タトゥー業界には今後、大きな技術格差が生まれると思っている。

簡単に言うと、上手い彫り師と下手クソな彫り師、この間の距離がどんどん広がっていくのではないかと僕は予想している。

センスが良く、技術も高い彫り師がどんどん増えてくることは間違いない。しかしその一方で、相変わらず下手クソな彫り師が増えるのも現実だろう。


では、この二者間には何の差があるのだろうか。

まず、これからの上手い彫り師は、幼い頃から絵やアートが好きで、SNSで世界中の美しいものに触れてきた中、タトゥーという自己表現の手段に出会う。暇さえあれば絵を描いて過ごす。そしてSNSを開いては、世界中の素晴らしいタトゥーを時間が許す限り眺める。そんな、恵まれた環境で育った若者が彫り師を目指す。

一方で、幼い頃から絵なんて書いてこなかった悪ガキが地元のやんちゃな先輩の和彫りに憧れ、彫り師という仕事があることに興味を持つ。先輩の紹介で知り合った彫り師は羽振りも良さそうだし、何よりアウトローな雰囲気がカッコ良く映る。もちろんSNSもやってきたが、アートや美しいもの、素晴らしいタトゥーに触れてこなかった。そんな環境で育った若者が彫り師を目指す。

どうだろうか。わかりやすいように極端に書いたが、当たらずとも遠からずと言ったところだと思う。
そんな対極とも言える環境で育った人間が「さあ彫り師を目指すぞ!」となった時、スタートラインで既に差ができていてもおかしくはない。



一昔前でも技術格差はあったのか

一昔前は、彫り師を目指そうと思ってもタトゥーに関する情報を手に入れることすら難しかった。インターネットやSNSもそこまで発達しておらず、タトゥーの作品を見たければ、限られた雑誌などしか無かったのだ。
そしてその雑誌はどこにでも売っている訳ではない。コンビニの雑誌コーナーなんかに売っている訳もなく、そもそもその雑誌を探し出すところから始めないといけない。

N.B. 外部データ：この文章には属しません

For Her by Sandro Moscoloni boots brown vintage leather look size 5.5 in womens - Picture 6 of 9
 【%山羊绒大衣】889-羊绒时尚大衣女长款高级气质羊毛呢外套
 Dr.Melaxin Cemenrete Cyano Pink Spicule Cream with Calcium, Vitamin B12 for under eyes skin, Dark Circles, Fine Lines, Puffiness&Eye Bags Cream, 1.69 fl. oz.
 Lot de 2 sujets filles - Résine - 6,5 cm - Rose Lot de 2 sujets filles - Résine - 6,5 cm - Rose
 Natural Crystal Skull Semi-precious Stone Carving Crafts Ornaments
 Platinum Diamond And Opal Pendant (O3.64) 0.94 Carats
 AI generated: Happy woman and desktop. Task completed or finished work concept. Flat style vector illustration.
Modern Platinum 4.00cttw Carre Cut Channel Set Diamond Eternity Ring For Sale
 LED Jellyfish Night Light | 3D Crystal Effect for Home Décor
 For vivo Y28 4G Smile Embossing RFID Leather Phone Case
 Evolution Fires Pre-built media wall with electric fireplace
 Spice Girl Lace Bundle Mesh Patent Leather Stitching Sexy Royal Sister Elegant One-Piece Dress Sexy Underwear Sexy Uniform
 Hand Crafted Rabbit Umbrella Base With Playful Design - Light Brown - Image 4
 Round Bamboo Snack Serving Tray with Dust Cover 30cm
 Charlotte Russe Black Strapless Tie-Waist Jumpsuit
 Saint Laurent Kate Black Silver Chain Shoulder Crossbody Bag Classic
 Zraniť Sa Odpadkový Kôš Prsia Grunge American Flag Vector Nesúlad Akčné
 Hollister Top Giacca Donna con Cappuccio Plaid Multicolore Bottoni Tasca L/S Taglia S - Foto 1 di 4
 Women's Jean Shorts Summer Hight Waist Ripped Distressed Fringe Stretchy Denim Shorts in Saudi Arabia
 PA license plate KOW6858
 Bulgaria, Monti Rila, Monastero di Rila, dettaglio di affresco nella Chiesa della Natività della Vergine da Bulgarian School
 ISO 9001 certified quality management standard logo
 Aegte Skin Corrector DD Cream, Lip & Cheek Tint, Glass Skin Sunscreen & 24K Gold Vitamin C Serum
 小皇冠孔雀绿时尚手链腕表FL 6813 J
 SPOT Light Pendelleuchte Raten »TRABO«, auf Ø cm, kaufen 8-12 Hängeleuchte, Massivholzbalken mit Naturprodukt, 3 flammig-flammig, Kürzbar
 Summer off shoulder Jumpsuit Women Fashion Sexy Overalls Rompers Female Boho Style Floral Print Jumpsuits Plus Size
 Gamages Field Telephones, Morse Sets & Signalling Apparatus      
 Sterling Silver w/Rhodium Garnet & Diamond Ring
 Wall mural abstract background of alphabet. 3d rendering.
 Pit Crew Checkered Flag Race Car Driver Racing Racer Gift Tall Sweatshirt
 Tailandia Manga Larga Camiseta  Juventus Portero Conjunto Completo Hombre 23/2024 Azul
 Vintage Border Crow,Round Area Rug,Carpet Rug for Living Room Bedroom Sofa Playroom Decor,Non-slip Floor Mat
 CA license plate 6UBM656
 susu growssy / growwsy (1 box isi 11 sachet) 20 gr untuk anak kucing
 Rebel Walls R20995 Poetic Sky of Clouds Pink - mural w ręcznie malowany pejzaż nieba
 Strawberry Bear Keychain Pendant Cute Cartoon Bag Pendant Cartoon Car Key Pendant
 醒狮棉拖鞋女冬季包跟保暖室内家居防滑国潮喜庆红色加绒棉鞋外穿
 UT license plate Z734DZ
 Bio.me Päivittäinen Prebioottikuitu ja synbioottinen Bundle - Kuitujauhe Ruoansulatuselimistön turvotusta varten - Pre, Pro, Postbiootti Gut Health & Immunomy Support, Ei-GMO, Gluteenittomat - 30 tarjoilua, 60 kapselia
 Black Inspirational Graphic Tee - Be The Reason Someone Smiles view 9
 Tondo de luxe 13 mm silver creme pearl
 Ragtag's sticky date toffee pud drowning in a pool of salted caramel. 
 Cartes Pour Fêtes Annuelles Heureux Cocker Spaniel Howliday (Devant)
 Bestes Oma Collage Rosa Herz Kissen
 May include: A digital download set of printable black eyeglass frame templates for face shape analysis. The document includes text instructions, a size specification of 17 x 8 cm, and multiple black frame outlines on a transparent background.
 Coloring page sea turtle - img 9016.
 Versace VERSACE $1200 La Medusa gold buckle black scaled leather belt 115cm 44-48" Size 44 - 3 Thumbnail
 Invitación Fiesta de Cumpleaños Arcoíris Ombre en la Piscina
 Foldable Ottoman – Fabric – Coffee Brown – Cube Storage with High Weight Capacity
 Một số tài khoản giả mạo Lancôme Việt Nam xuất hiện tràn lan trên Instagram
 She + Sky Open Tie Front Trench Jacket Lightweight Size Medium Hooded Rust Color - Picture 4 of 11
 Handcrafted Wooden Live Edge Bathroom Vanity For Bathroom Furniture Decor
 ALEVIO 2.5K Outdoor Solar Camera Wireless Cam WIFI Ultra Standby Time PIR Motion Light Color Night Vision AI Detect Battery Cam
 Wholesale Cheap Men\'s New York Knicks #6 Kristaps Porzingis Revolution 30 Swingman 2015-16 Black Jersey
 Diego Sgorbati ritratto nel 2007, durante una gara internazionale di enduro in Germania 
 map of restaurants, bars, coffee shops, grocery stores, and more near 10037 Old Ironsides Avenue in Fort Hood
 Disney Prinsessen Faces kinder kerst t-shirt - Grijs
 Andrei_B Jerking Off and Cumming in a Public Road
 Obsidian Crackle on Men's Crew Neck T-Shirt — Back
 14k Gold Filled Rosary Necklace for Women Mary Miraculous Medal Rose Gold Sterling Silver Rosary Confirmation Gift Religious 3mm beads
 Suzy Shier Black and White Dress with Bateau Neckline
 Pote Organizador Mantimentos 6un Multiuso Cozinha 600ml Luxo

さらに言うと、有料の雑誌なんだから基本的に紙面に掲載されているタトゥーの写真は記事広告だ。広告ということは、もちろん掲載料を払えば誰でも乗せることができる。
これが何を意味するかというと、タトゥーの技術が上手いからとか、作品が素晴らしいからとか、評価が高いからとか、そのようなものでは無いということ。下手くそだろうが、汚かろうが、なんであれとりあえずお金さえ払えば紙面に掲載されるのだ。
彫り師を目指す若者の多くはこのような雑誌を買って、ごくごく限られた狭い世界の中で、上手なもの下手くそなものをごちゃ混ぜに見て育つしかない。
指標がないので、何が上手で何が下手くそなのか区別もつかない。
そんな一昔前では、大きな技術格差なんて生まれようがない。

(もちろん一握りの素晴らしい彫り師と一般的な下手くそな彫り師の間には大きな技術の差があったことは間違いない)



技術の差は大きく開いていく

今後もアウトロー的で下手クソな彫り師は、ある意味ゴキブリ並みに生命力が強いので一定数は増え続けるだろうが、昔に比べると増加曲線は徐々に緩やかになっていくだろう。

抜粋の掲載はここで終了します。